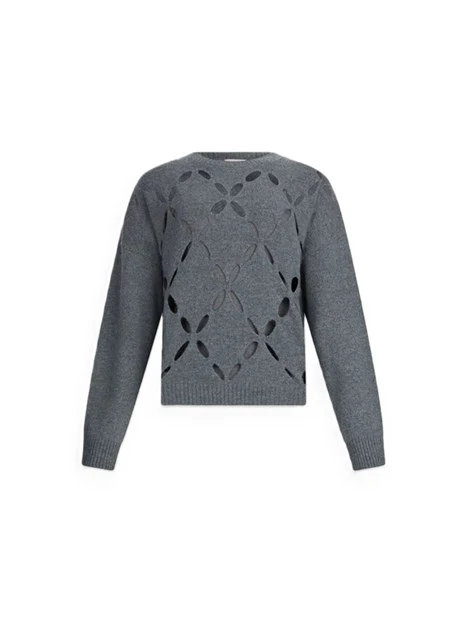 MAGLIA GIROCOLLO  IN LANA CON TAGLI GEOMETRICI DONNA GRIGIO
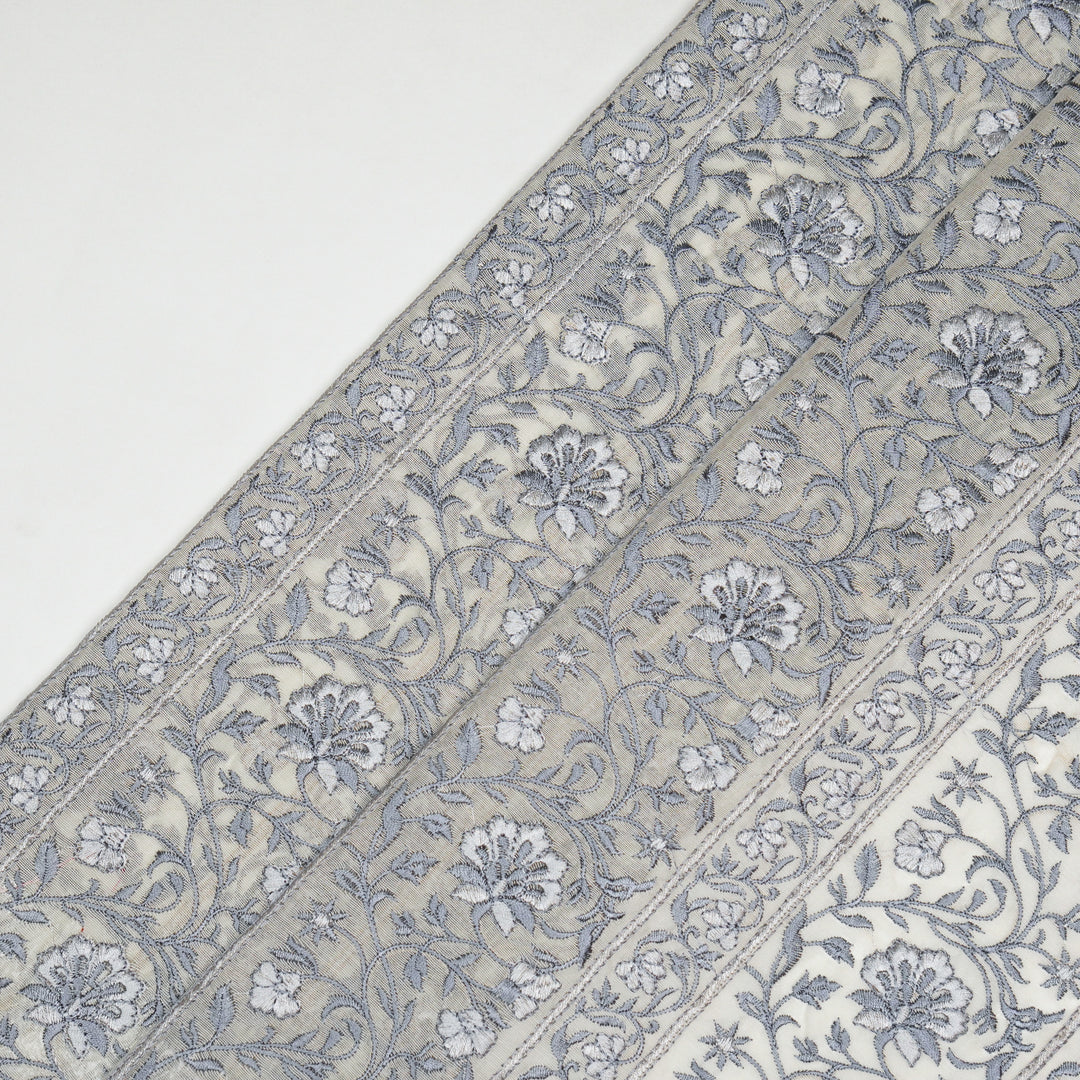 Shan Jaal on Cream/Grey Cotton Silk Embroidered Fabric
...
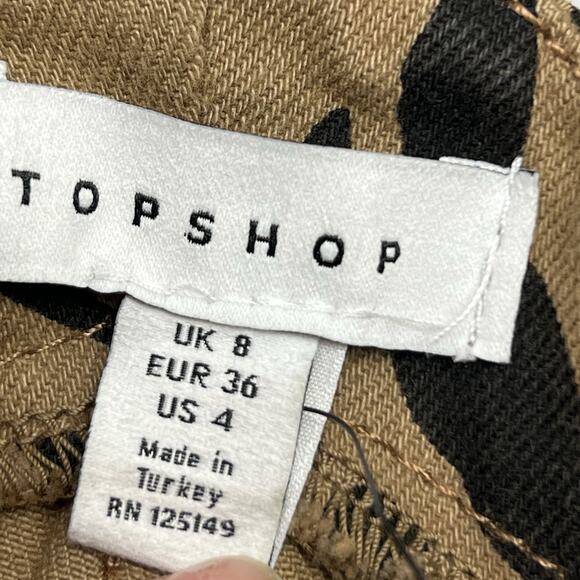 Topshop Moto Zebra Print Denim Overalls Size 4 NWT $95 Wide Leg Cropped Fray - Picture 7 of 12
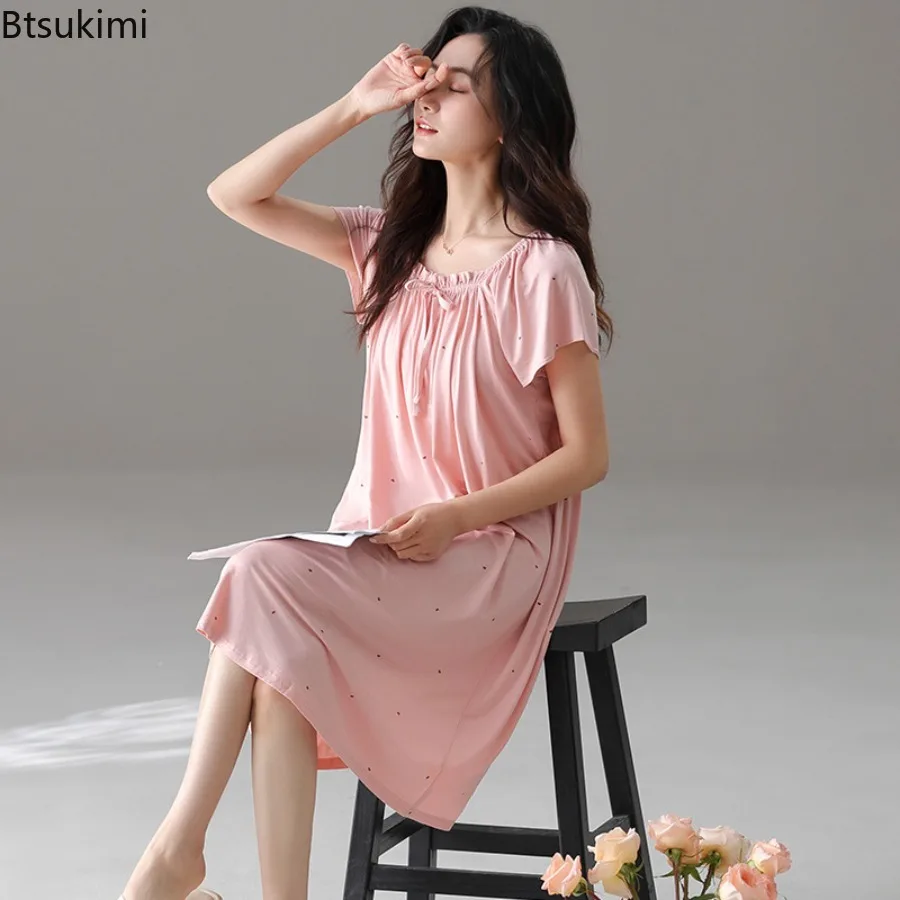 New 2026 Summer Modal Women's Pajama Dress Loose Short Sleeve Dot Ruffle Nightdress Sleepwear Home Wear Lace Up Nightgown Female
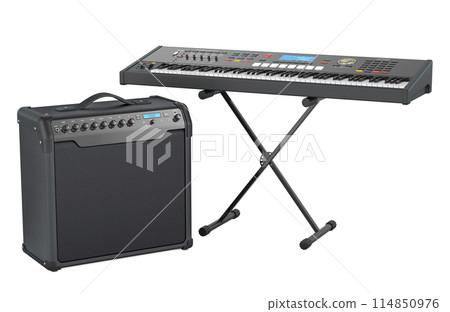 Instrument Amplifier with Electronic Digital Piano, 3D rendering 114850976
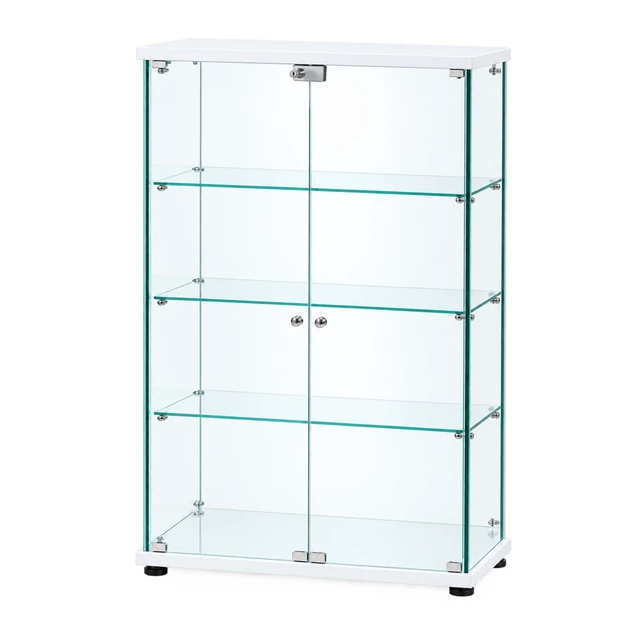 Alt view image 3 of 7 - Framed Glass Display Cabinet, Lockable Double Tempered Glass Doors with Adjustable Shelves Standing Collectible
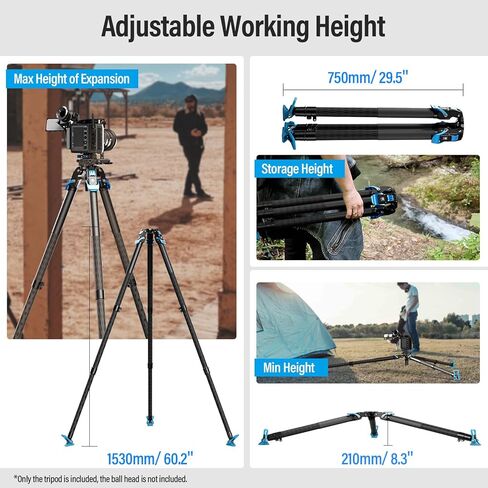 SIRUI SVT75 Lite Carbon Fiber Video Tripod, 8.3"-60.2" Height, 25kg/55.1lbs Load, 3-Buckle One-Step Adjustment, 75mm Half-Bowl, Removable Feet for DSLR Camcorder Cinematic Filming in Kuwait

TASK ITEM: In the data above, find the line containing "Alt view image" and the line containing "SIRUI SVT75 Lite". Repeat those two lines and everything between them exactly, minus the pictures.

TASK RESPONSE:
 Alt view image 3 of 7 - Framed Glass Display Cabinet, Lockable Double Tempered Glass Doors with Adjustable Shelves Standing Collectible
 SIRUI SVT75 Lite Carbon Fiber Video Tripod, 8.3"-60.2" Height, 25kg/55.1lbs Load, 3-Buckle One-Step Adjustment, 75mm Half-Bowl, Removable Feet for DSLR Camcorder Cinematic Filming in Kuwait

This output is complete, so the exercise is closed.